Was it worth to introduce a specific legislation for 4% of the market? If, along with the Directive, it was decided to approve a new Regulation, then the answer must be yes. Still, of the 113 articles of the new IVD regulation, 110 are perfectly equivalent and symmetrical to those of the new Regulation concerning medical devices (more than 97%, if we wish to consider that the 3 differing articles could not find room in one of the others or we wish not to discuss their technical nature. One can say that the nature of IVDs is rather different from that of a medical device.

Yes, roughly speaking, the main feature of an IVD is to provide information, while that of a medical device is a technological support to the positive action on the patient.

Let’s talk about information, then. Information is based on knowledge and knowledge is based on research. One cannot provide information without knowing on what, why and how. Doctors can make diagnoses because they know all useful information, where it comes from, what it means, how to get it, how much to trust it. But knowledge requires “work (investigation) and perspiration”, just to quote Edison who, along with genius, did not despise the practicality of the patent.
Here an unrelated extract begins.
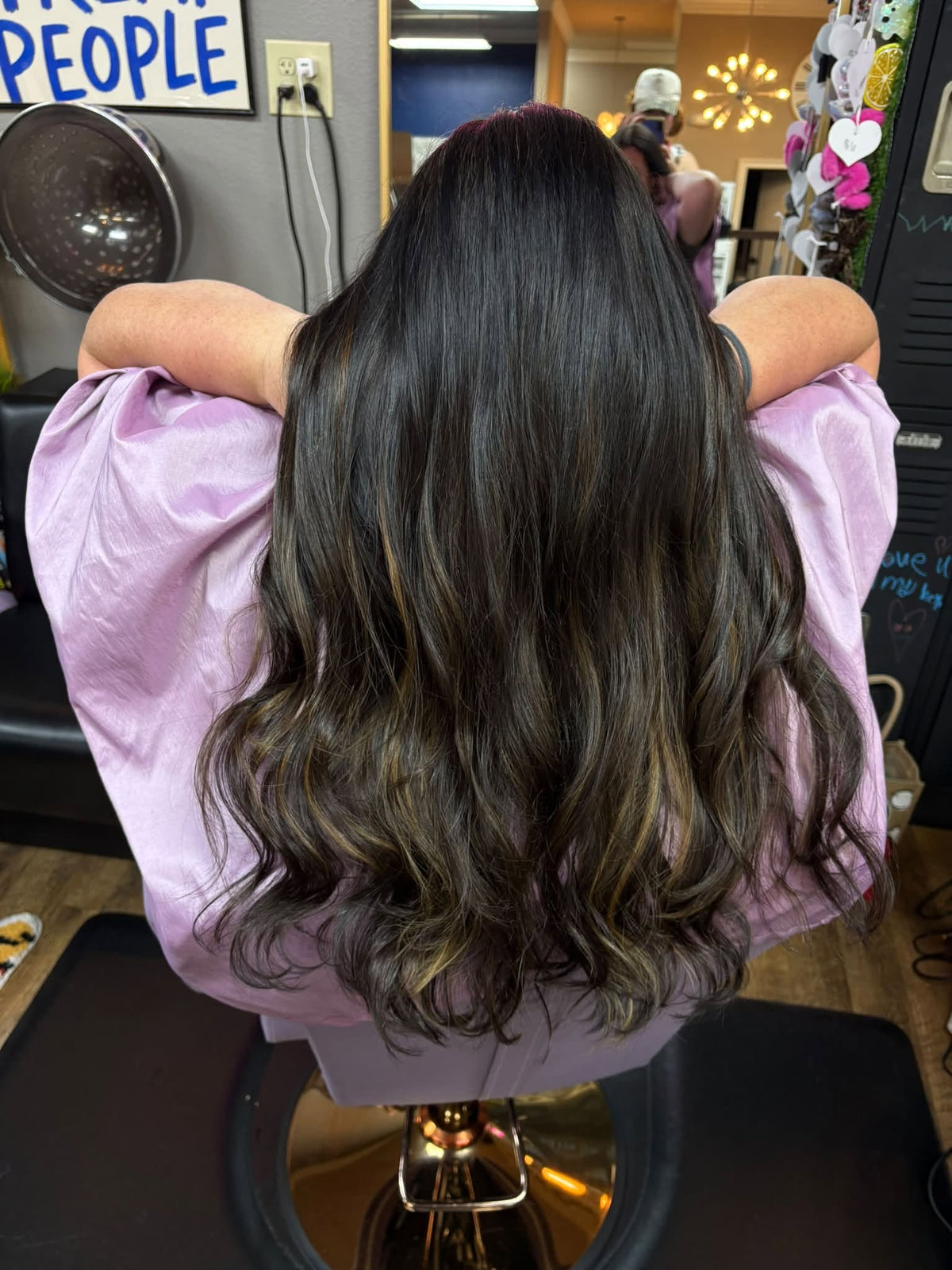 Rich Brunette — Starting at $125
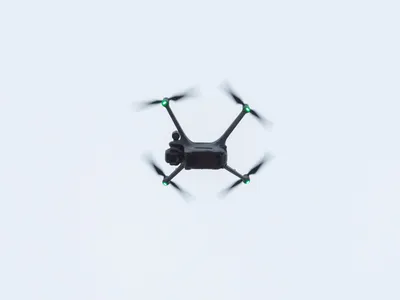 Dronă - Foto: Profimedia Images/ Imagine cu caracter ilustrativ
So what is the status of the match between research and enterprise in Italy in the sector of IVDs?

Of the one million registered medical devices, about 34% is manufactured by Italian companies, that are in fact 31% of the registered manufacturers. The estimate should be reviewed because of all class I medical devices that are not registered but marketed by non Italian manufacturers.
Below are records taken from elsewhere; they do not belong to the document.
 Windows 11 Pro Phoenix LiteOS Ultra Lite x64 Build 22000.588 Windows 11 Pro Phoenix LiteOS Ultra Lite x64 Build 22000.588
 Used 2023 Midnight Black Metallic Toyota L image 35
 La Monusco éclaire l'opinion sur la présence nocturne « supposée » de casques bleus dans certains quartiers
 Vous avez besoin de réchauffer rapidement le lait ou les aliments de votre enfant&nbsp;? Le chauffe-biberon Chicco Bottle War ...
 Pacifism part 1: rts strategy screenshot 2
Is the effect of the underestimate significant for IVDs?

It should, considering that all Italian manufacturers are obliged to be registered, while not all the foreign manufacturers and their products are. Actually, the effect of this discrepancy can be minimized for the number of Italian IVD manufacturers compared to the total (32%), but the effects on the registered IVDs is significant (46% of IVDs come from Italian companies). The number of products that are made in Italy could lead to think that the Italian manufacturers’ system holds the impact of the market globalization.

I don’t believe it is so.

Data are inflated by the fact that the registration of all non self-diagnostic IVDs and not belonging to Annex II is not mandatory: that is “only” about 80%. I’ll leave out the details of this calculation that, as a physicist, I set with conditions and correlations, but I think that a more reliable estimate is about 15% of the IVDs on the Italian market (i.e. half of the medical devices).

But why are we saying all this?

Because, if we compare this 15% of the IVD market with the 30% of the medical devices, it is easier to imagine the effect of research at a trading level. For reasons we are well aware of, Italy is striving to keep pace with global competition when this is based on knowledge and research, and today the world of IVDs is already a proof of that.

And tomorrow?

Thanks to the new IVD Regulation 2017/746 it will be even worse. The regulating framework will bring more duties for the companies in terms of financial and professional resources, and long before the enterprise can regain the costs with the marketing profits. For a research-based enterprise, a start-up or a small entity born out of innovation in the academic world or other similar realities, this means more obstacles towards concrete chances. Similarly, how many Italian enterprises can afford to invest in research?! How many can move from words to deeds?! And how many products of that 15% are really the fruit of a work conceived in Italy (instead of the notorious OEM-OBL agreement)?!

In conclusion, are we able to diagnose our own issues? At European level, which interests does Italy take care of? Judging from the new IVD Regulation, it is very difficult for me to believe that these are our interests. In an age of flat taxspread and edge, I would like to remind that everything has a price. And not because I am thinking that in Germany (a country taken at random) whoever wishes to declare a religious confession is then bound to support it with their own money, or may be I am.